If and when the market finally does notice this gaping dollar shortage (as is usually the case with the mandatory 3-6 month delay), the Fed will once again scramble to flood the world with USD FX swap lines to prevent the global dollar margin call from crushing a matched synthetic dollar short which according to some estimates has risen as high as $10 trillion.
Until then, just keep an eye on the Fed’s weekly swap line usage, because if the above is correct, it is only a matter of time before they are put to full use once again. Finally what assures they will be put to use, is that this time the divergence is the direct result of the Fed’s actions…
And then, again with Tyler, we return to Albert Edwards:
“Ignore This Measure Of Global Liquidity At Your Own Peril”
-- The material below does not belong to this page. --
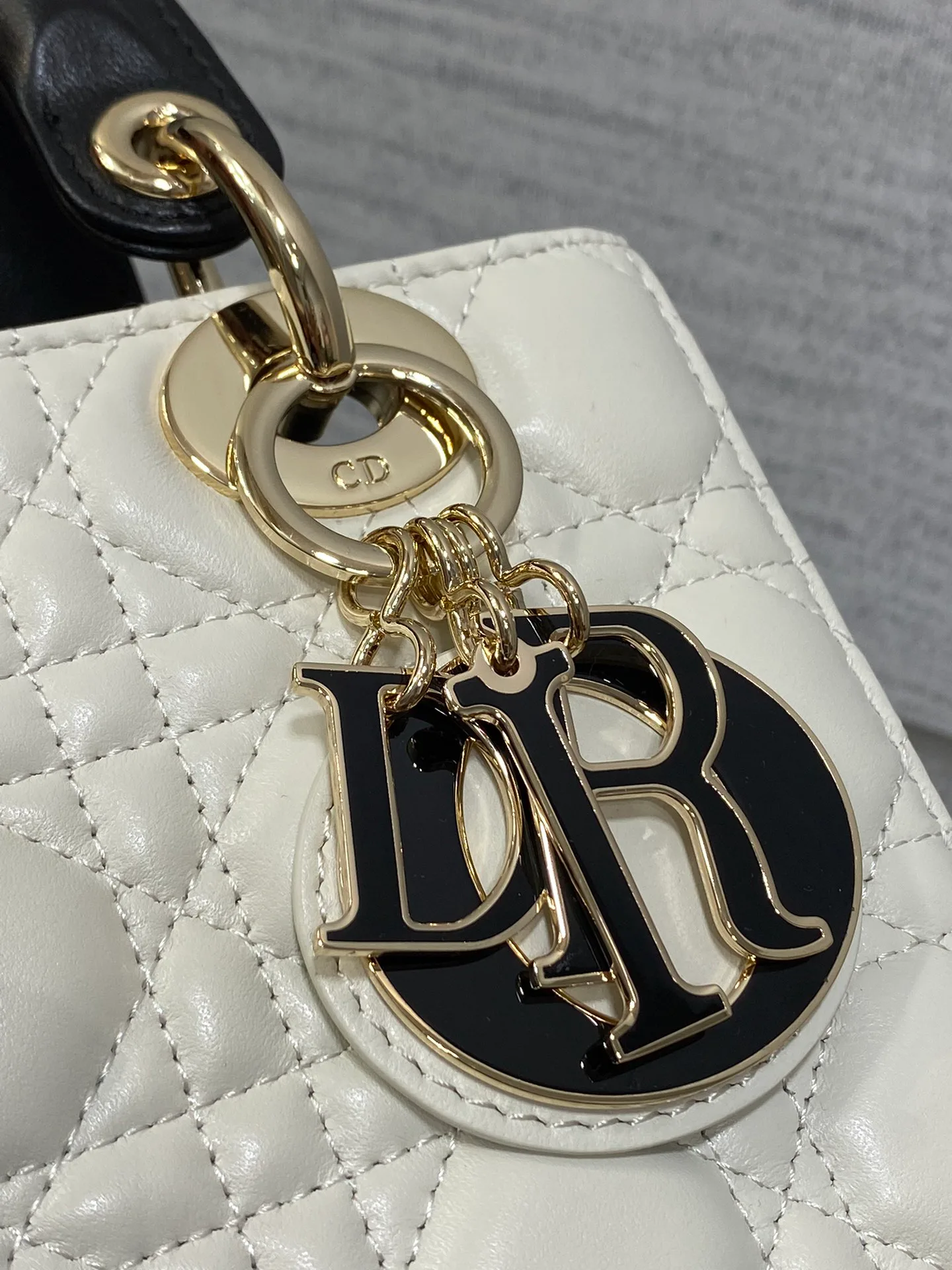 Классические Сумки Женские Christian Dior 13414262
With all eyes squarely on the ECB as Mario Draghi prepares to flood the EMU fixed income market with €1.1 trillion in new liquidity starting Monday, Soc Gen’s Albert Edwards reminds us that “another type of QE” is drying up thanks largely to the relative strength of the US dollar. The printing of currency to buy US dollar denominated assets in an effort to prop up “mercantilist export-led growth models [is] no different to the Fed’s QE,” Edwards says, explicitly equating EM FX intervention with the asset purchase programs employed by the world’s most influential central banks in the years since the crisis. Via Soc Gen:
Clearly when the dollar is declining sharply, global FX intervention accelerates as the Chinese central bank, for example, needs to debauch its own currency at the same rate. Conversely, when the dollar rallies strongly, as is the case now, FX intervention rapidly dries up and can even reverse, exerting a massive monetary tightening on emerging economies,
.. and ultimately the entire over-inflated global financial complex… The swing in global foreign exchange reserves is one key measure of the global liquidity tap being turned on and off, with the most direct and immediate effect being felt in emerging economies.
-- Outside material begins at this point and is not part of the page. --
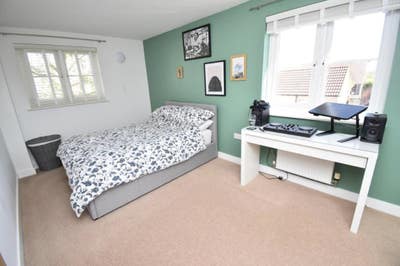 Double Bedroom, within a lovely quiet 4 bed house Main Photo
The bottom line is that in a world of over-inflated asset values, the strength of the dollar is resulting is a rapid tightening of global liquidity as emerging economies (and indeed the Swiss) stop printing money to buy the US dollar. This should be seen for what it is a clear tightening of global liquidity. Traditionally these periods of dollar strength are highly disruptive to emerging markets and often end in the weakest links blowing up the entire EM and commodity complex and sometimes much else besides! Investors ignore this at their peril.
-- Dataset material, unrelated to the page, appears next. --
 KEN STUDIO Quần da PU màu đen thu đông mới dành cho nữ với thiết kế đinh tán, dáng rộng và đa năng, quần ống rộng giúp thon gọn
So: the ECB has started doing its painfully expensive uselessness , the Fed refuses to do anymore and even threatens to derail the whole idea by hiking rates, both Japan and its central bank are so screwed after 20 years of having an elephant sitting on their lap for afternoon tea that nothing they do makes any difference anymore even short term, and China is faced with the riddle that what it thinks it should do to look better in the mirror mirror on the Great Wall, only makes it look old and bitter.
But as Edwards rightly suggests, the first bit of this battle will be fought in, and lost by, the emerging markets. And there will be nothing pretty about it. They’re all drowning in dollar denominated loans and ‘assets’, and it gets harder and more expensive all the time to buy dollars as all this stuff must be rolled over. And the game hasn’t even started yet.